'''
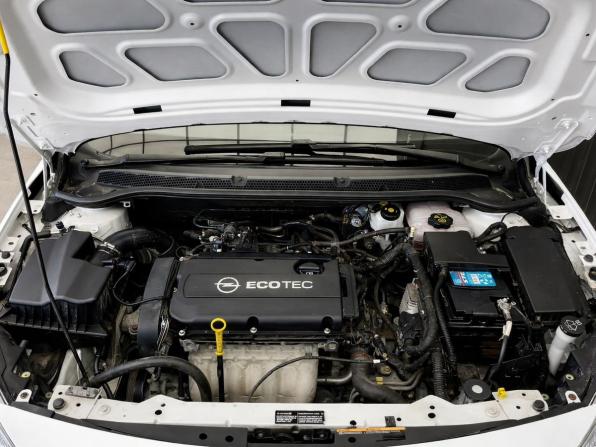 Opel Astra J с пробегом 2011 года, цена 817 000 рублей, 112237 км, хэтчбек, Автокод Объявления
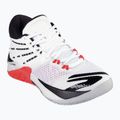 SKECHERS SKX Elevate scarpe da basket da uomo bianco/rosso/nero 8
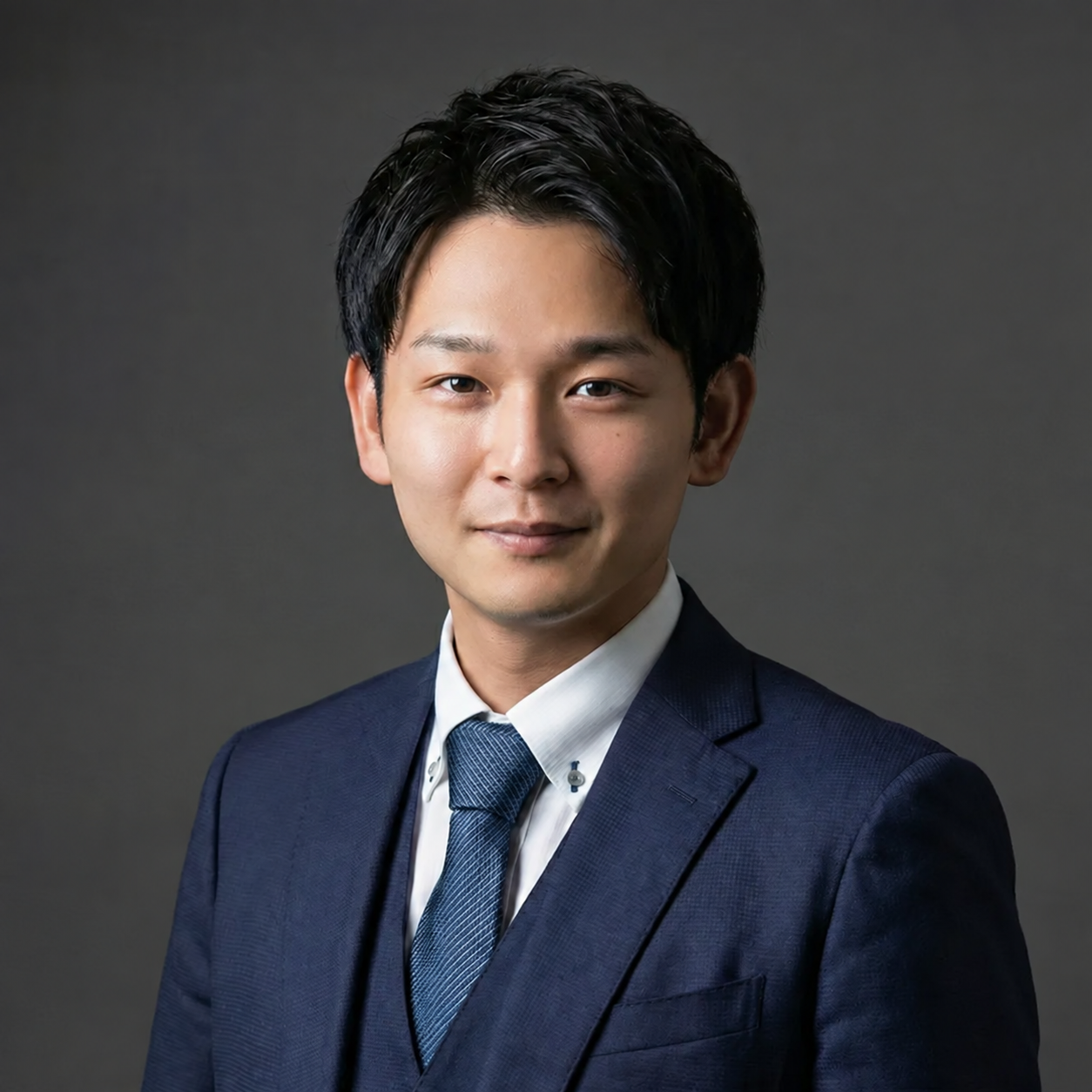 ニブンノニ代表 水流創一朗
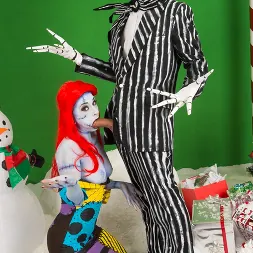 Joanna Angel in 'Burning Angel' The Nightmare Before XXXmas (Thumbnail 24)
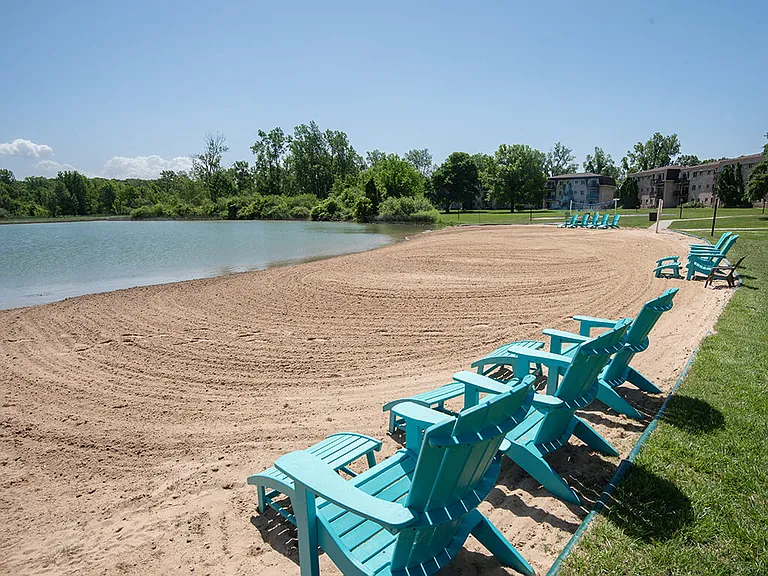 The Joy of Lakeside Living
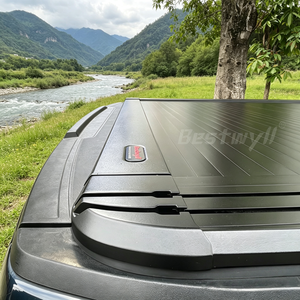 BESTWYLL Couvre-caisse de camionnette électrique automatique à enroulement pour GMC <span class=keywords><strong>Chevrolet</strong></span> <span class=keywords><strong>Silverado</strong></span> Sierra E-BS44 - Product Image 6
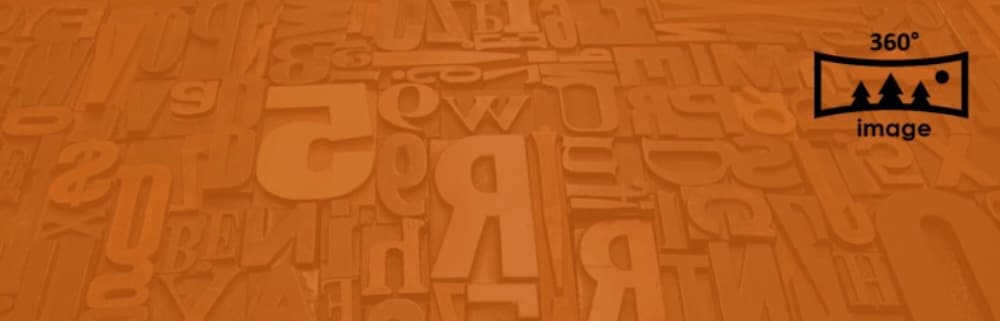 A screenshot of the banner used on the Plugin Repository page for Algori 360 Image.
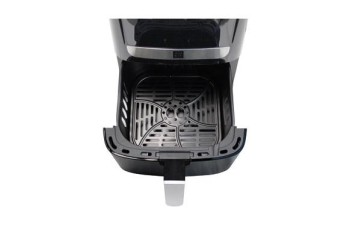 FREIDORA AIRE DIGITAL 4L 1500W NEGRA AMBIT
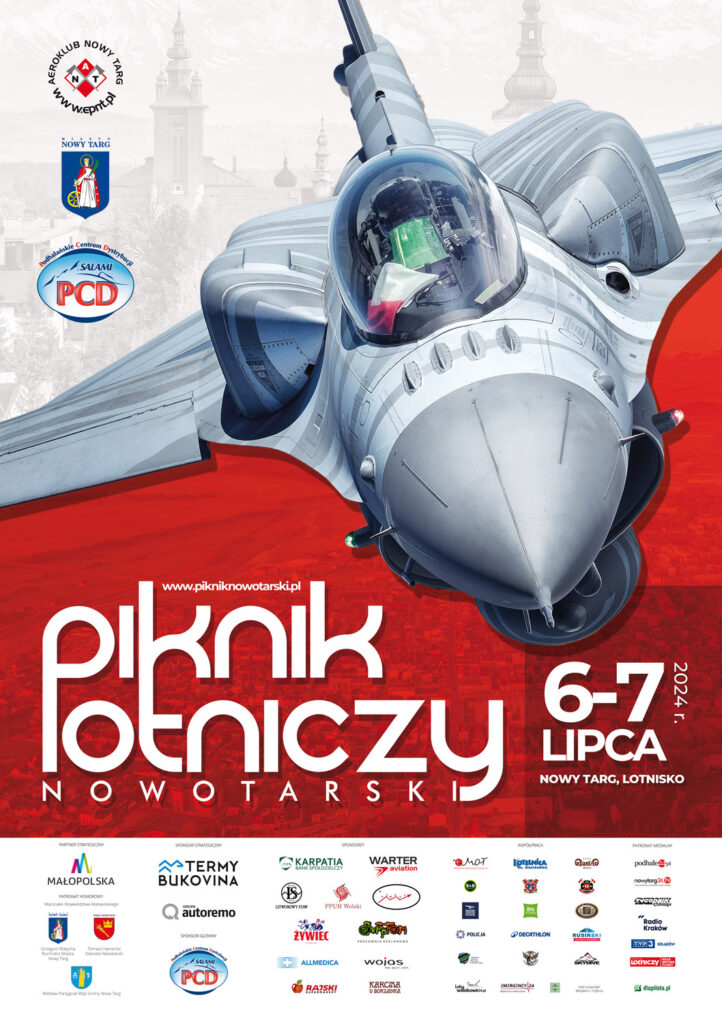 nowotarski piknik lotniczy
'''
### TRY IT
Your task is to reproduce exactly the lines from the start of the data above through the line containing "The Joy of Lakeside Living", leaving every picture out.

### ANSWER FOR THE TASK
 Opel Astra J с пробегом 2011 года, цена 817 000 рублей, 112237 км, хэтчбек, Автокод Объявления
 SKECHERS SKX Elevate scarpe da basket da uomo bianco/rosso/nero 8
 ニブンノニ代表 水流創一朗
 Joanna Angel in 'Burning Angel' The Nightmare Before XXXmas (Thumbnail 24)
 The Joy of Lakeside Living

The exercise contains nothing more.